◆ Dataset records
+ + +

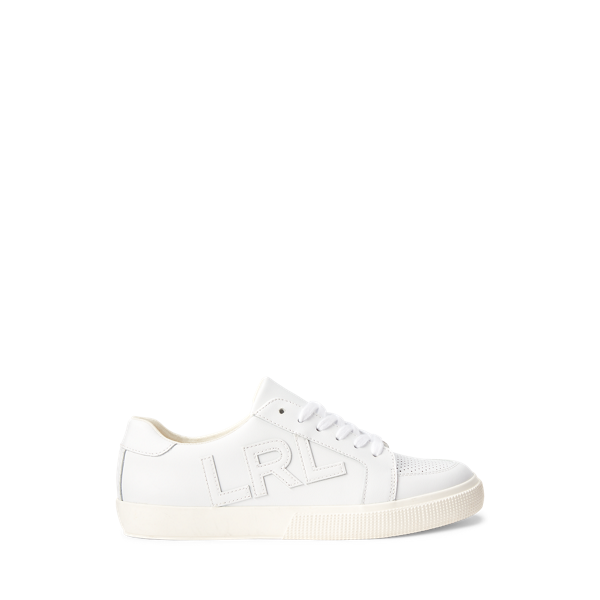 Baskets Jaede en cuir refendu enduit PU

+ + +

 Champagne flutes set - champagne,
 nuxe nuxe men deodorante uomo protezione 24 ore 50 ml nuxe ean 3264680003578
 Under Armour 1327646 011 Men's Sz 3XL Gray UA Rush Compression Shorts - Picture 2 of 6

+ + +

◆ About this exercise
Could you repeat exactly the lines in the listing above from the one with "nuxe nuxe men" down to the one with "Under Armour 1327646"? Include both of those lines.

◆ Answer area
 nuxe nuxe men deodorante uomo protezione 24 ore 50 ml nuxe ean 3264680003578
 Under Armour 1327646 011 Men's Sz 3XL Gray UA Rush Compression Shorts - Picture 2 of 6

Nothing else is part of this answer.